Work task: When you copy the listing, reproduce each line as it appears and omit every image.

Source data:
+-------+

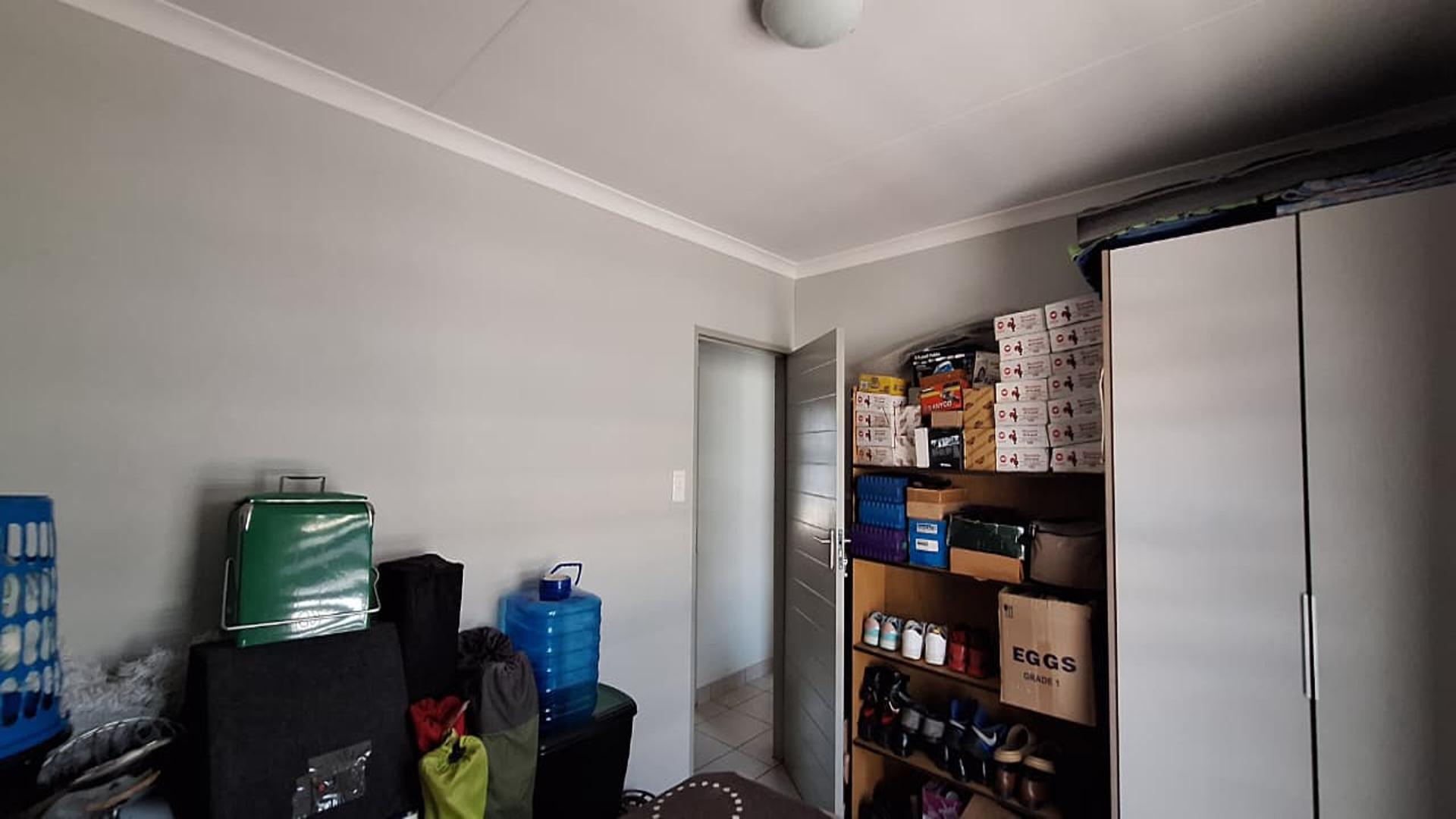 Bed Room 1 - 11 square meters of property in Sky City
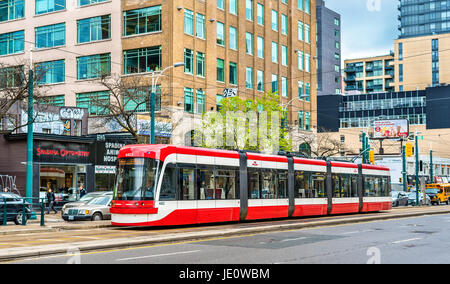 Moderne Straßenbahn in einer Straße von Toronto. Die Straßenbahn Toronto ist die größte und geschäftigste Stadtbahn System in Nordamerika Stockfoto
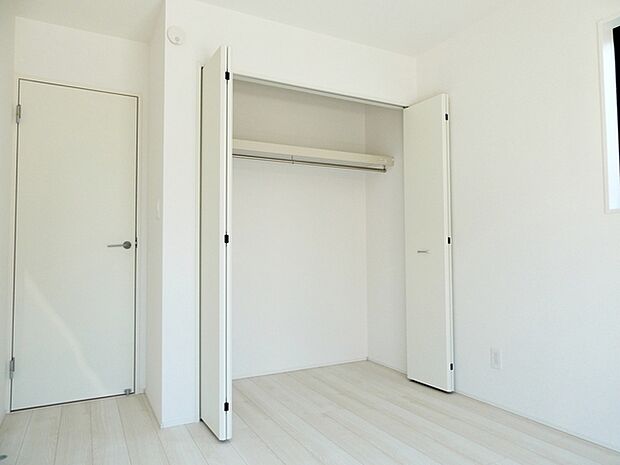 パイプハンガー付きのクローゼットは服を畳まず収納でき大切な衣類をシワや日焼けから守ります。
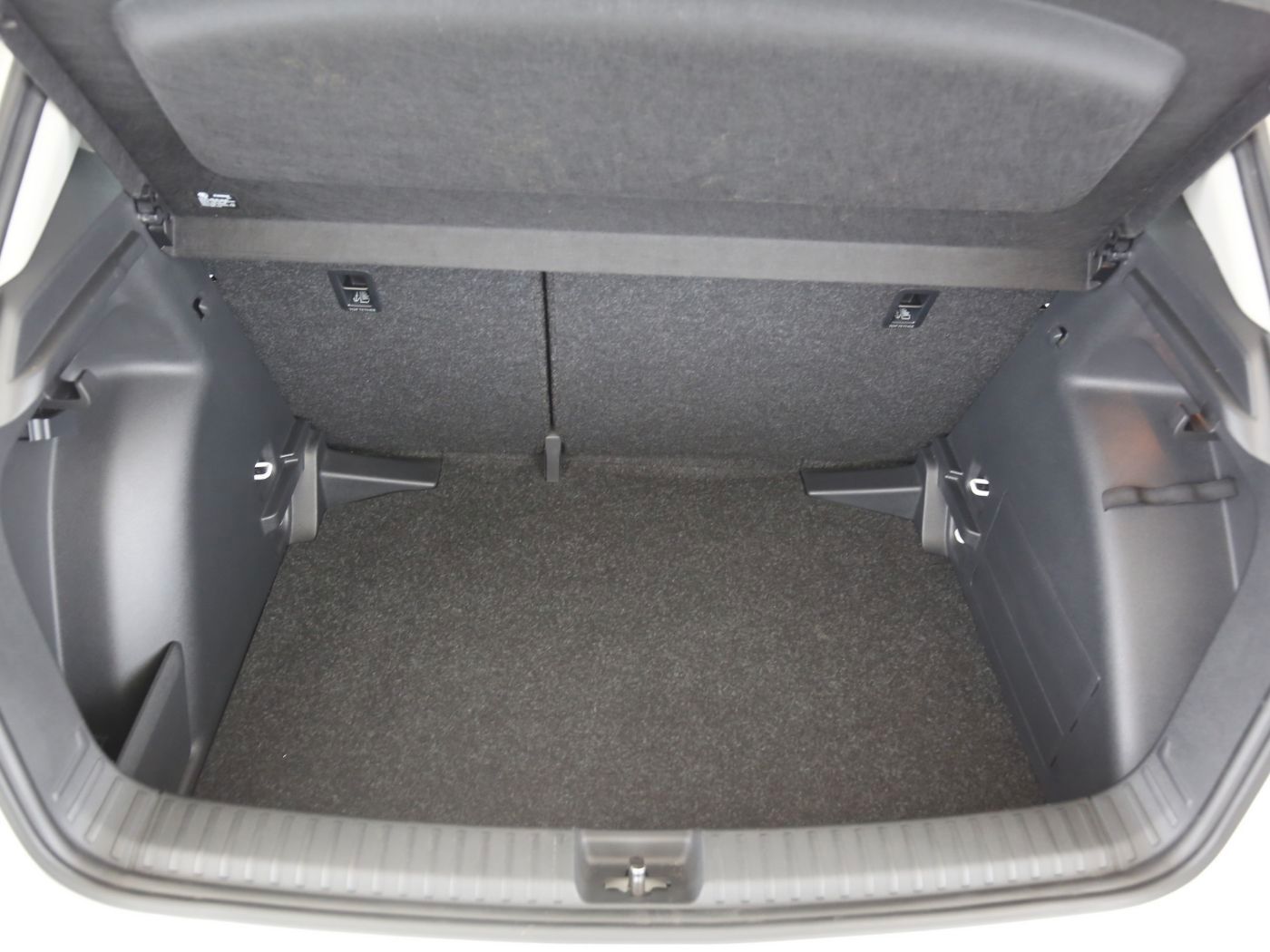 Fahrzeugabbildung SKODA Fabia 1.0 TSI Tour LED|Navi|KlimaA|LaneAss|PDC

+-------+

Response box:
 Bed Room 1 - 11 square meters of property in Sky City
 Moderne Straßenbahn in einer Straße von Toronto. Die Straßenbahn Toronto ist die größte und geschäftigste Stadtbahn System in Nordamerika Stockfoto
 パイプハンガー付きのクローゼットは服を畳まず収納でき大切な衣類をシワや日焼けから守ります。
 Fahrzeugabbildung SKODA Fabia 1.0 TSI Tour LED|Navi|KlimaA|LaneAss|PDC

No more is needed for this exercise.